The Conjugal Dictatorship of Ferdinand and Imelda Marcos is a 1976 memoir written in exile by former press censor and propagandist Primitivo Mijares. It details the inner workings of Philippine martial law under President Ferdinand Marcos Sr. from the perspective of Mijares.

The book's use of the term "conjugal dictatorship" has since been used specifically for the rule of Marcos and his wife, First Lady Imelda Marcos, and more generally for a type of family dictatorship.

== Background and conception ==
A journalist who had become a propagandist and confidant for Ferdinand Marcos, Primitivo Mijares had served under Marcos since 1963 and claimed to have been privy to government's high-level doings. As Chairman of the National Press Club, Mijares ran the Media Advisory Council, a state agency established to censor the press in 1973. Upon the declaration of martial law in September 1972, and with the power to choose which media outlet would be re-opened, the Mijares-led Media Advisory Council was accused of abusing its role and was criticized as a "money-raising tool," leading one of its members, Emil Jurado, to resign. Mijares himself, after failing to account for NPC funds, ran away to the US, and joined Manglapus' Movement for a Free Philippines and wrote the book. Mijares said that he was offered a bribe amounting to US$100,000 to be dissuaded to testify about the human rights situation in the Philippines, and said that he refused the bribe. However, whether there was a bribe by Marcos' associates or whether Mijares himself extorted money from Marcos, and whether Mijares actually received money from Marcos remains unclear. Steve Psinakis, an anti-Marcos critic married into the Lopez family that owns ABS-CBN, wrote in his memoir "A Country Not Even His Own" (2008): "The investigation (referring to the U.S. Justice Department investigation) revealed that after his February 1975 defection, Mijares did, in fact extort money from Marcos by feeding him imaginary information for which Marcos was ignorant enough to pay considerable sums. While Mijares was still receiving money from Marcos, he was at the same time lambasting Marcos in the U.S. press, causing the Marcos regime irreparable damage. It is no wonder the only natural conclusion is that Marcos had his vengeance and did Mijares in."

Attempts to refute some of the book's claims have arisen after more than a decade since its publication. For example, the book insinuated that Marcos plotted the Plaza Miranda bombing to wipe out the entire Liberal Party leadership and that the weapon landing from China for the communists along the coast of Isabela was 'staged'. In 1989, four unnamed "former ranking Party officials" admitted to the plot to bomb Plaza Miranda, and former NPA Victor Corpus admitted that their plot was foiled when the weapons that they were about to receive from communist China was intercepted by the military.

=== Online release and revised edition reprint ===
In May 2016, the heirs of Primitivo Mijares released The Conjugal Dictatorship as a free e-book download from the Ateneo de Manila Rizal Library.

In February 2017, a revised and annotated reprint of the book was released by Mijares' grandson Joseph Christopher Mijares Gurango.

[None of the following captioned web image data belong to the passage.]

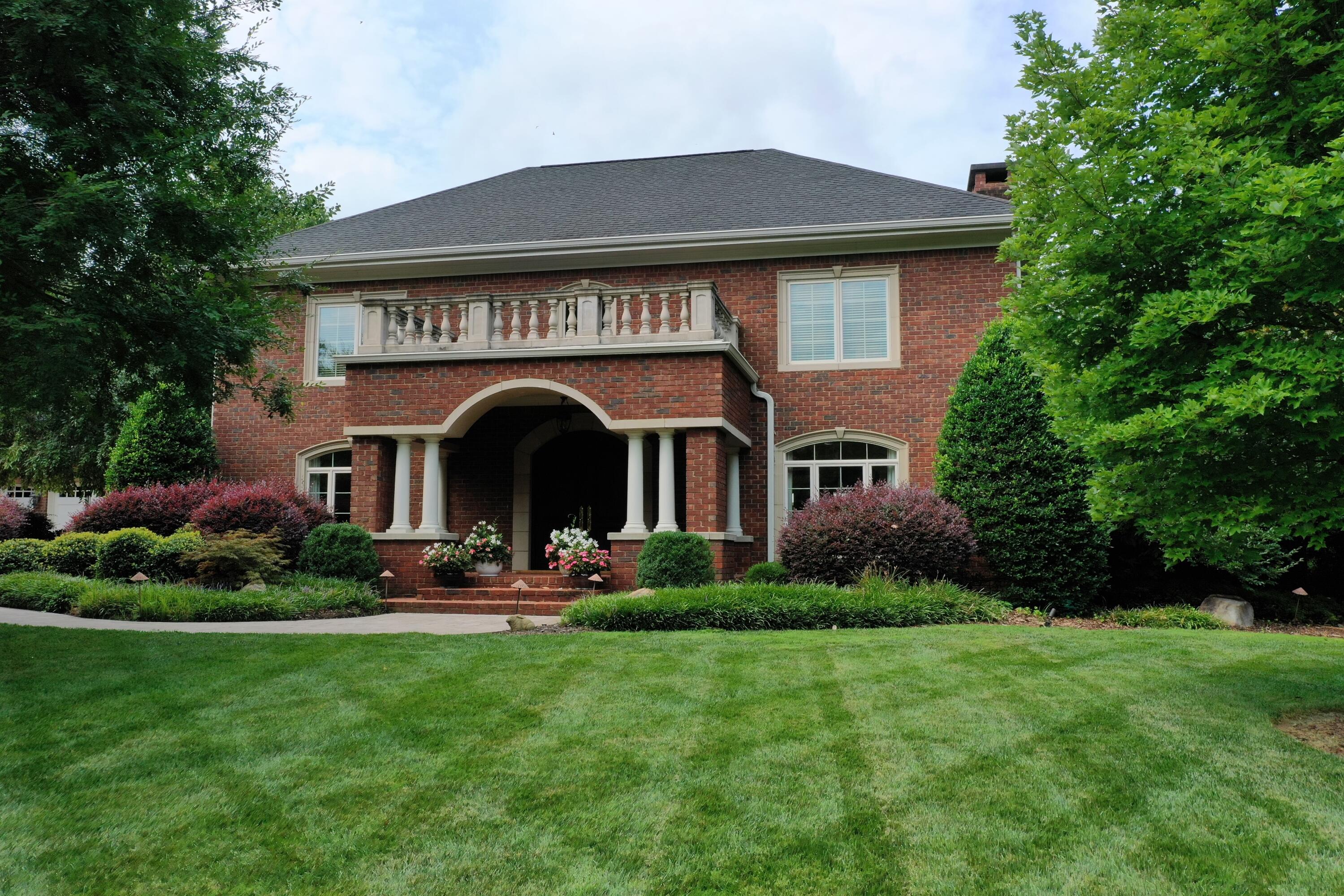 1508 Lyndhurst Drive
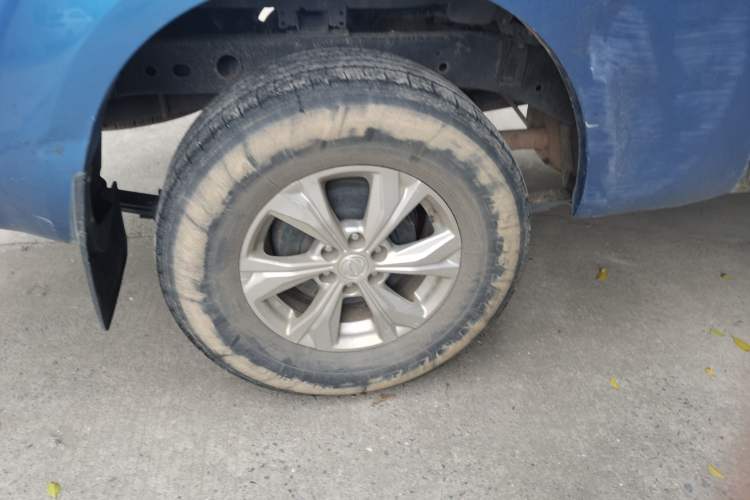 Used Dongfeng Ruichi 6 2020 2.3T Manual Two-Wheel Drive Diesel Standard Version China VI Emission Standard with Long Cargo Bed M9T Right Rear Wheel Hub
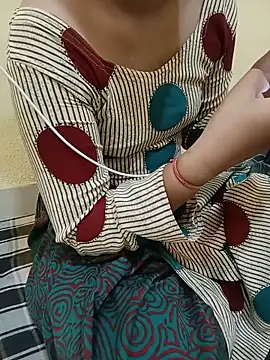 Seema yadav01 online show from 06-15-26, 05:31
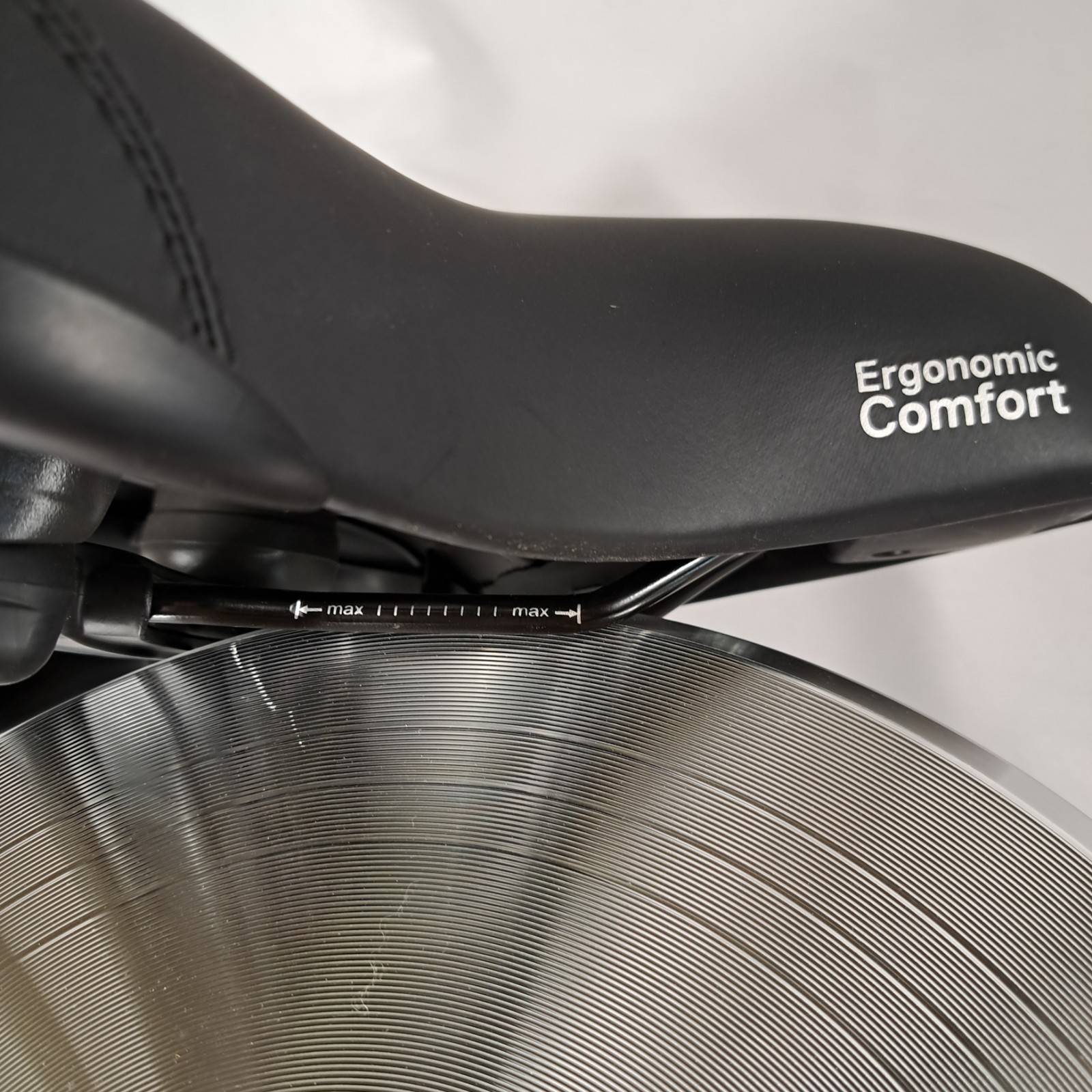 Delta Comfort Saddle Cruiser Bike Seat – Memory Foam – Dual Shock – New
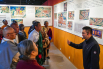 藏族文化博物馆工作人员正在为来自四川甘孜的藏族游客讲解历世达_120935.jpg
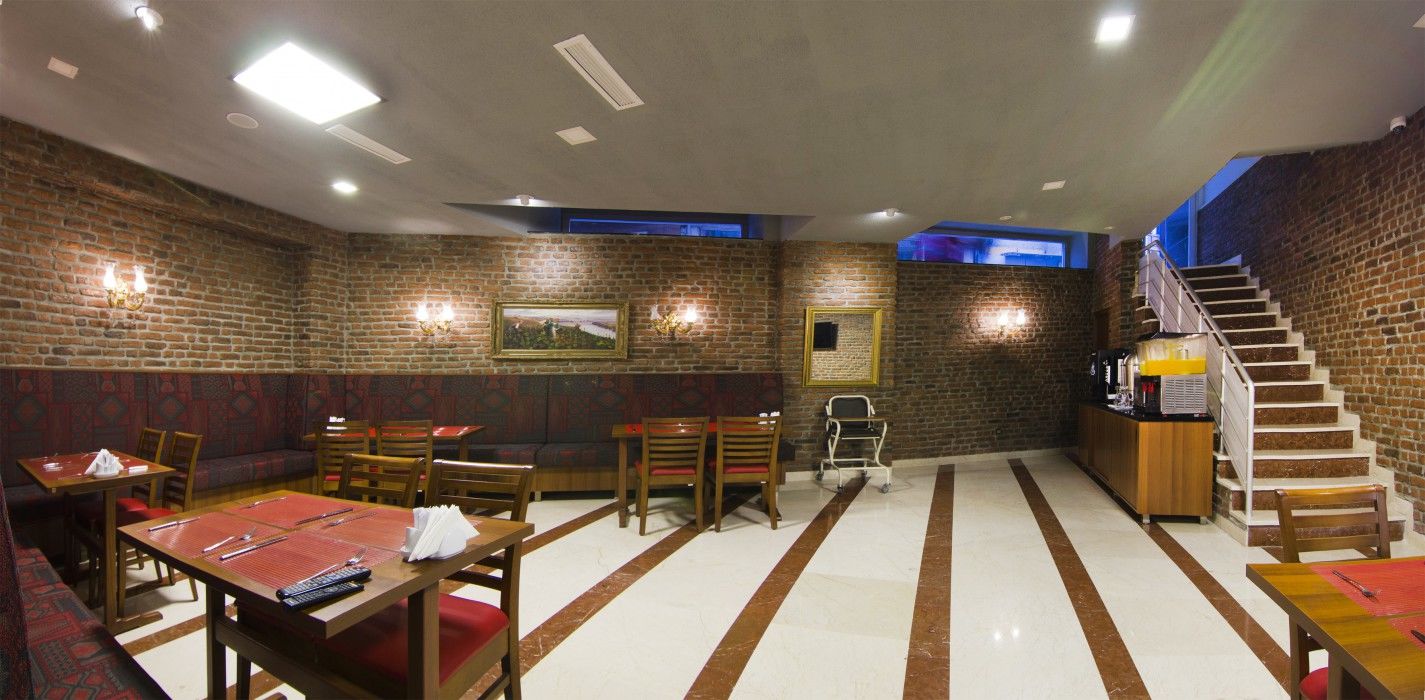 Aprilis - Special Category 4* Istanbul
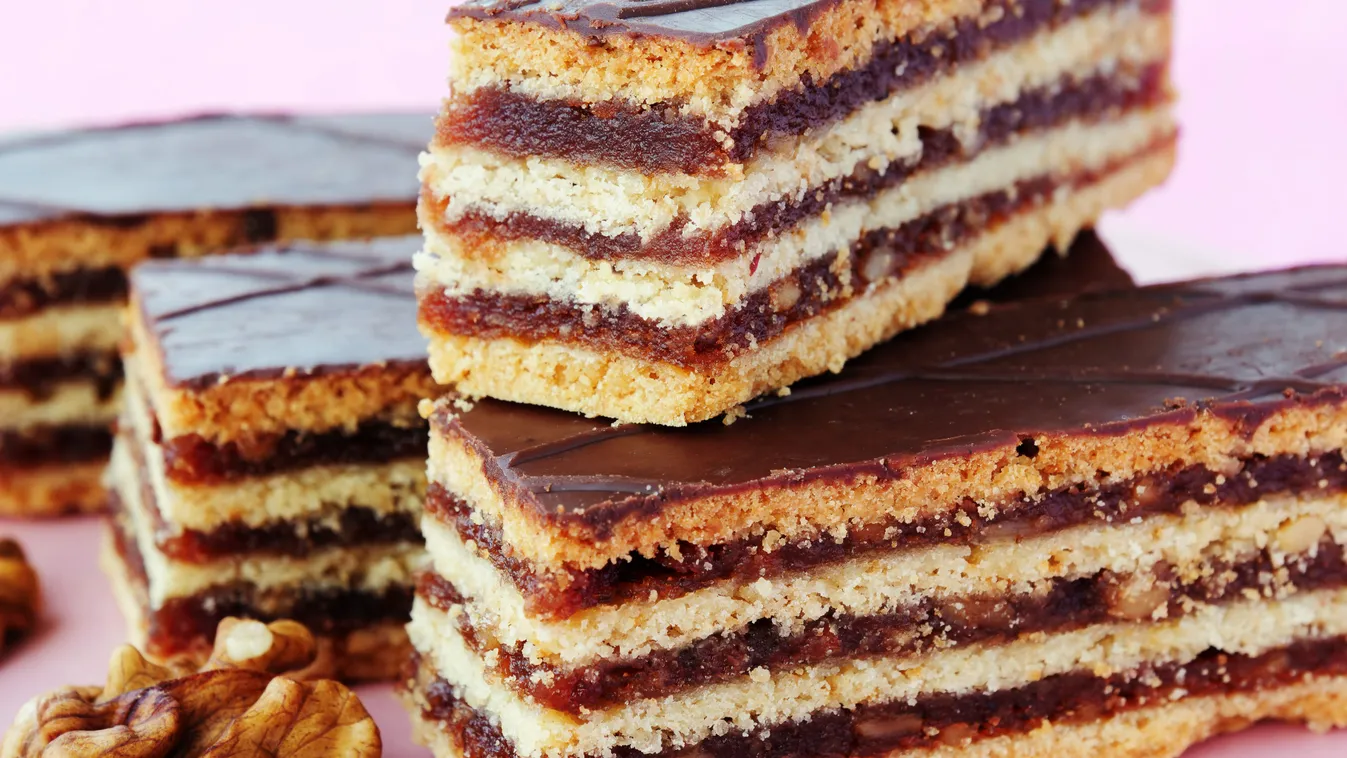 Tökéletes zserbó szeletelve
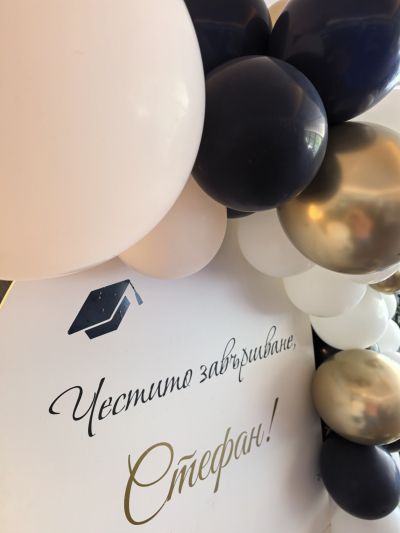 Украса за абитуриентски бал в тъмно синьо, бяло и златен хром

The Mijares family admitted that what happened to Primitivo and his youngest son Boyet was so traumatic that they did not want to talk about it, but decided to break their silence with the resurgence of Marcos in the political scene, culminated by the burial of Marcos in the Libingan ng mga Bayani and near victory of the dictator's namesake and son, Ferdinand Jr., in the 2016 national elections. The revised edition was aimed for the "new generation of readers", referring to the millennials, as well as new annotations and "verification of sources".

== Usage of the term ==
While it does not refer to classical forms of diarchy, the qualifier "conjugal" points to absolute, non-monarchical power being held by two halves of a couple. During the Marcos regime, Imelda wielded much more influence than a typical First Lady through her many and varied official positions. These government appointments allowed her to build structures in and around the capital of Manila, and act as a de facto diplomat who traveled the world to meet state leaders.

Supporters, loyalists, and propagandists of the Marcos family criticize the term because they believe that the Marcos regime and Martial Law era was the "golden age" of the Philippines. The children of the Marcos couple, Imee, Bongbong, and Irene, also reject the term for their parents, believing it insulting to their legacy. Meanwhile, Marcos opponents use the word to highlight the couple’s excesses and plundering during their 20-year rule. Other critics, such as relatives of desaparecidos, also use the term to describe the human rights abuses of their joint rule.